To sum up the pages that you didn't see today, our fundamental concerns are that there's a sheer lack of evidence demonstrating that this legislation will have any positive effect. The removal of discretion in the sentencing process is a huge concern for us. The aggravating factors in this legislation do not actually narrow or target this legislation. Incarceration is not a successful youth drug strategy. Increasing criminal punishments for more substances is not a successful youth drug strategy. Nothing in this bill will prevent substance-use-related tragedies in the future.

With that, I thank you again for your time. Of course, there is lots of time for questions.

10 a.m.

Conservative

The Chair Conservative Dave MacKenzie

Thank you.

Mr. Wamback, you have five minutes.

10 a.m.

Joe Wamback Chair and Chief Executive Officer, Canadian Crime Victim Foundation

Thank you, Mr. Chair, and members of the committee.

Due to the limited time today, I'll restrict my comments to part 2 of Bill C-10, which is on sentencing.

The justice and corrections systems of Canada must serve the needs of all Canadians, not just criminals and special interest groups. To be truly effective it must be transparent and predictable, and most importantly it must be perceived as such by Canadians. Failure to achieve this simply undermines the effectiveness of those systems, and therefore decreases their ability to function.

One of my great concerns has always been the loss of faith in the justice system, especially by the young people of Canada. Lack of trust in the system and the belief that it is unjust will cripple confidence in our courts, and that has dangerous consequences, including serious under-reporting of criminal activity.

Our courts exist and function only because ordinary people, victims of crime, report the crimes committed against them and their loved ones and are willing to testify truthfully when called upon. When this does not happen, through mistrust or lack of faith, the inevitable consequences are that the system will cease to exist. The sentencing provisions outlined in Bill C-10 are a beginning to the restoration of that lost faith.

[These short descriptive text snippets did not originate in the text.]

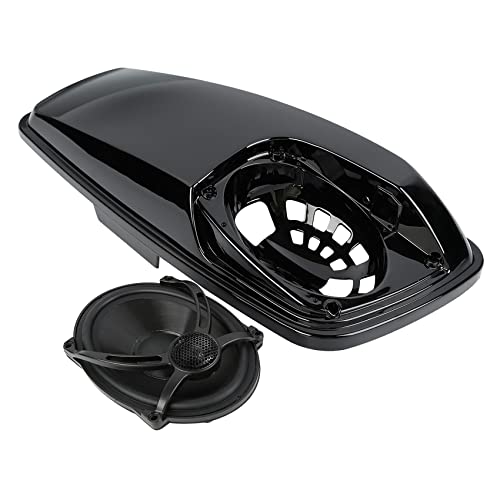XMT-MOTO Hard Saddlebag Lids W/ 5"X7" Speakers Fit for Harley Touring - style: Black Dual 5x7 Speaker Saddlebag Lids 4 Speakers (14-later)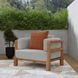 Aston Gray Upholstered Outdoor Accent Chair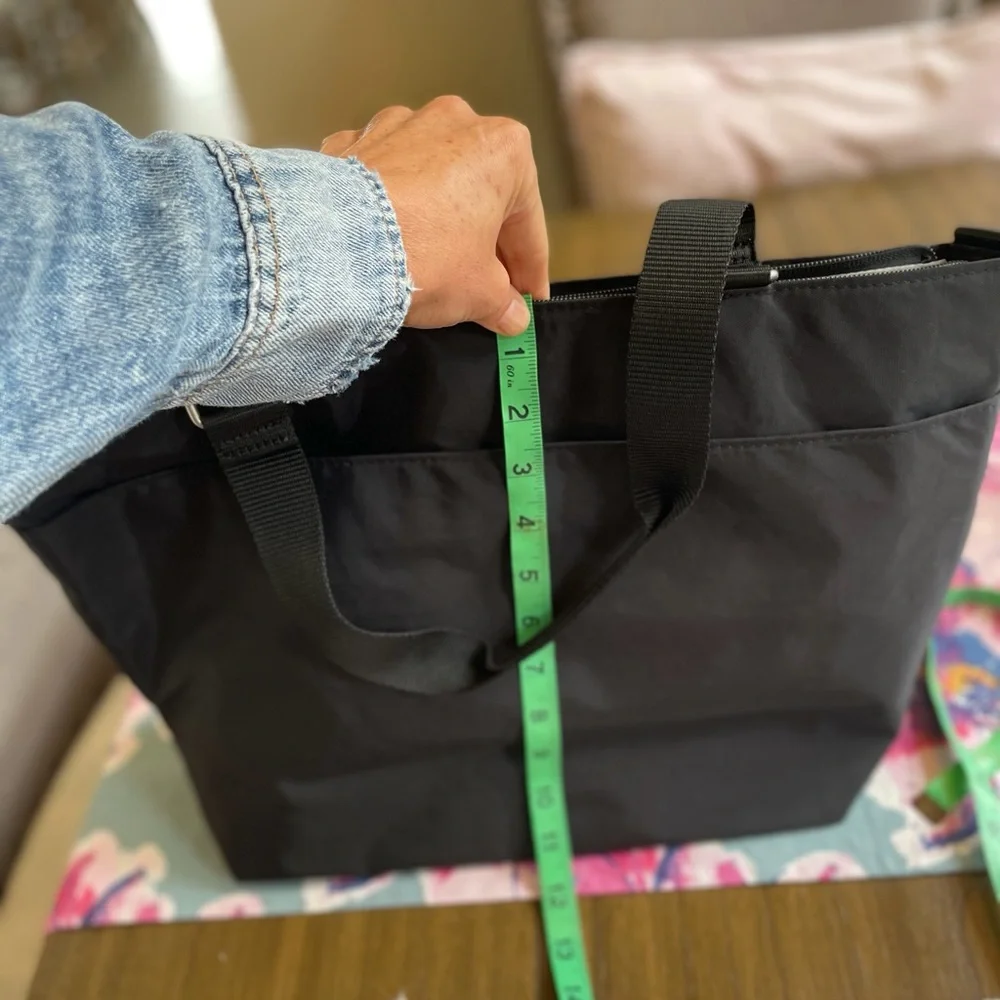 BAGGALLINI BLACK BOULEVARD LAPTOP TOTE NEW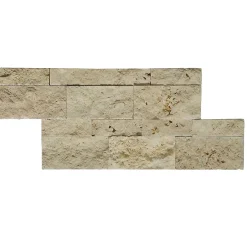 Plaquette de parement pierre naturelle et travertin mix beige-Casa Linea Online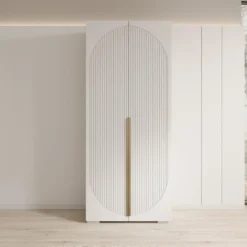Meubella - Mayfair - Kledingkast 2-deurs - Wit - 100x47x237 cm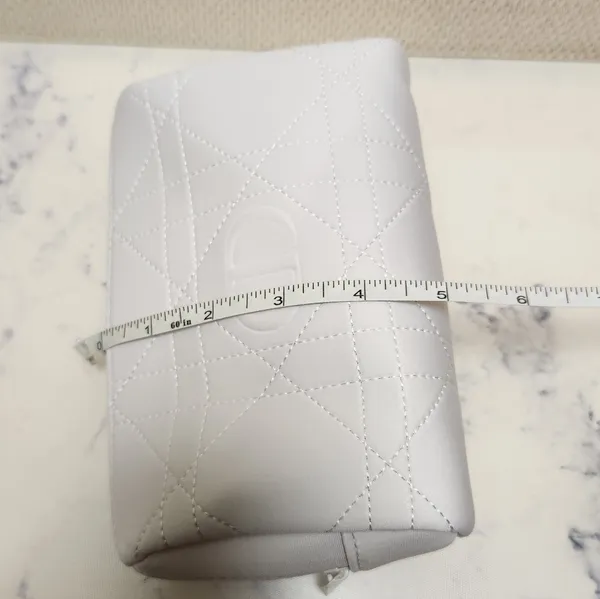 Dior Cosmetic Makeup Pouch Bag with White Zipper New No Tag - Image 9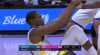 Kevin Durant finishes through contact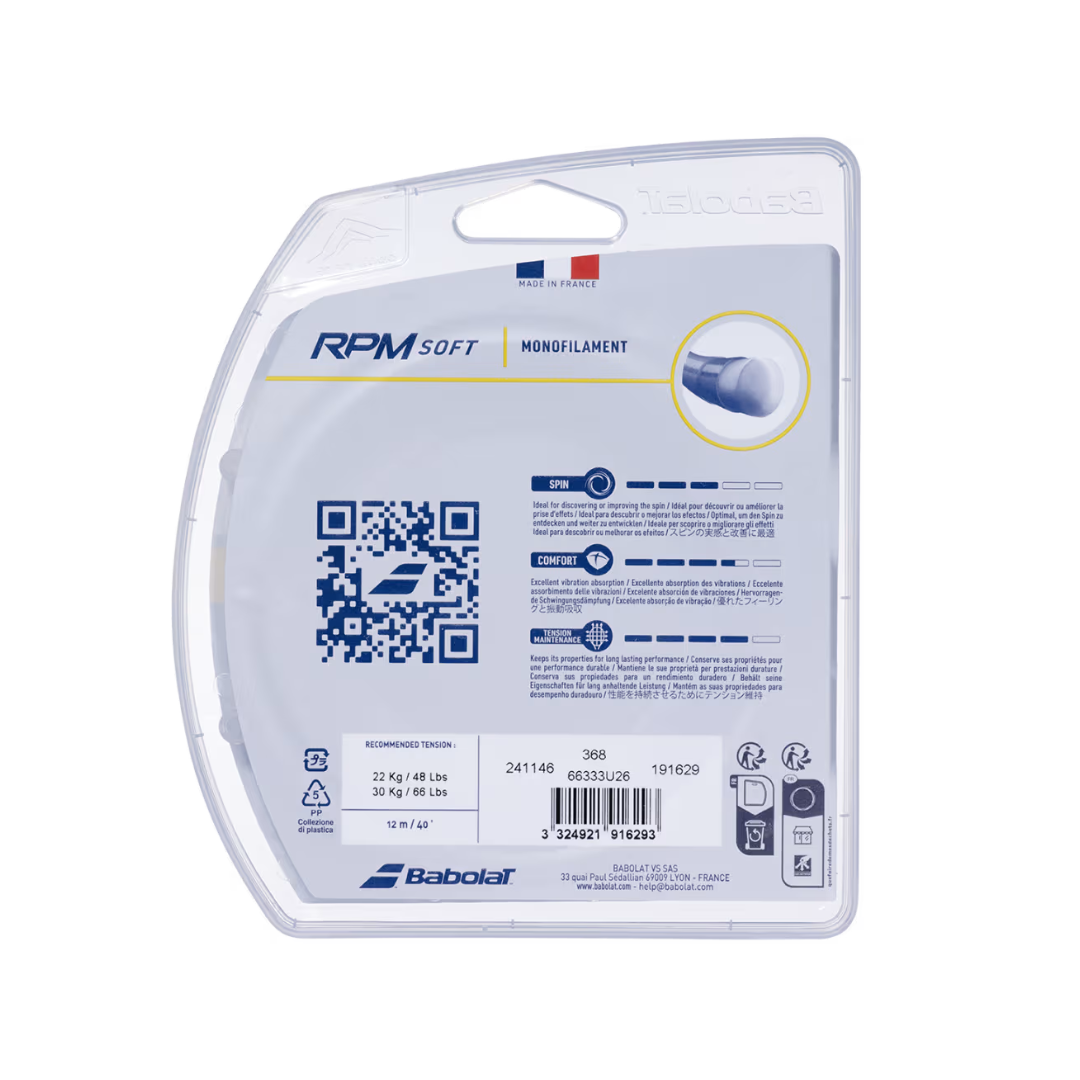 Babolat RPM Soft 16G String (Orange) - Deportes Salvador Colom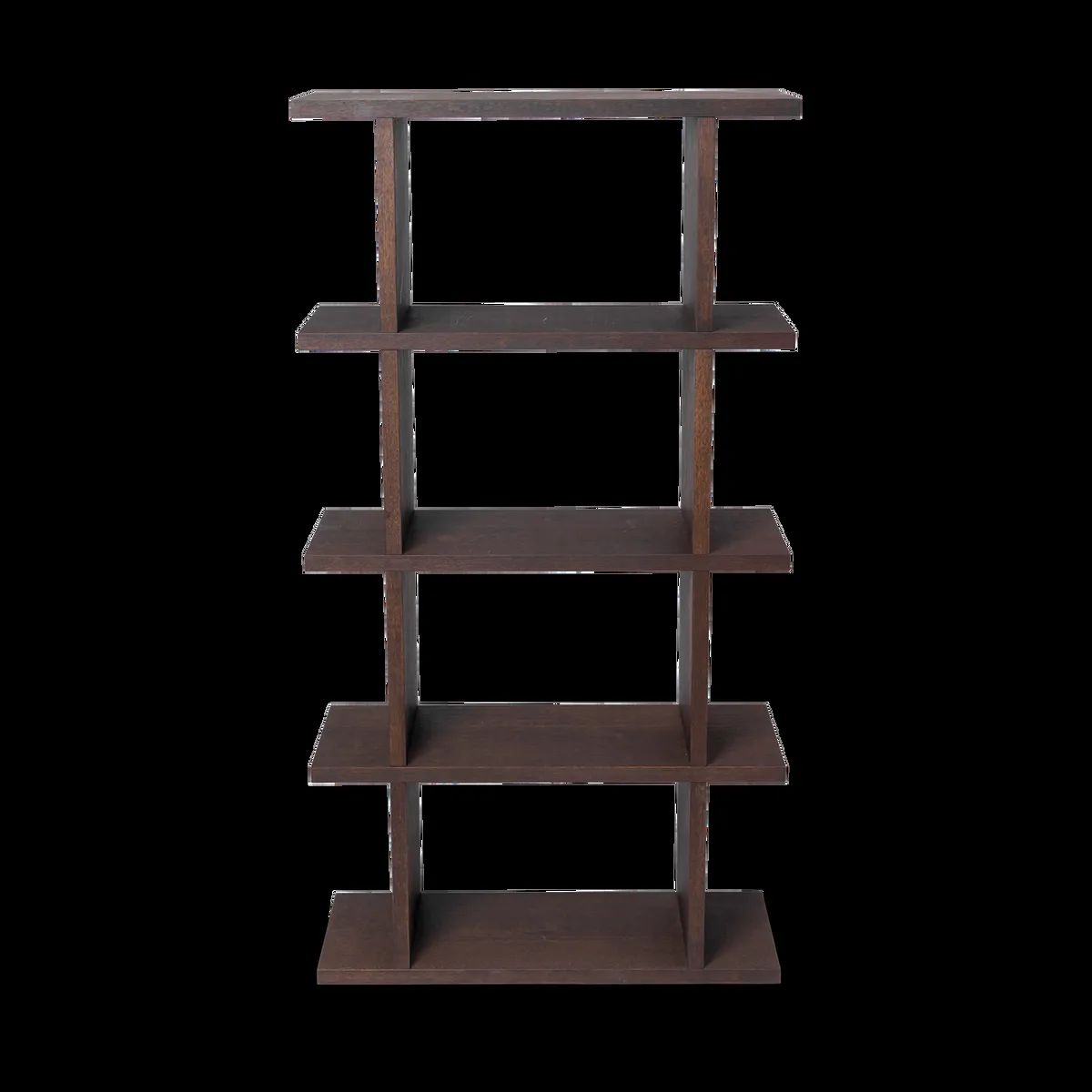 ferm LIVING Kona bokhylla 1x4 Dark stained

I don't live in the sanitized world of academics or statistics. I live in the real world. I've experienced victimization. I see the results of criminal activity on innocent Canadian families. It is our responsibility to protect the most treasured of Canadian values: the right to life, safety, and security. We must ensure healthy, safe communities where law-abiding families can grow and prosper without intimidation and without fear, and restore the belief that criminals will be held accountable for their crimes.

Over the last 12 years I have met with victims, their families, police officers, and justice system personnel. They have consistently expressed their frustration with the current legislation that has no minimum guidelines for dealing with repeat offenders or serious sanctions for violent criminals, and what is commonly referred to as “revolving door” justice.

My hopes are that the sentencing provisions of Bill C-10 will provide the tools, guidance, and predictability to assist our courts in making decisions for the safety of all Canadians while maintaining our values and principles. Sentencing is not just about the crime, the convicted criminal, or the courts. It is about ordinary Canadians, survivors and victims of violent crime.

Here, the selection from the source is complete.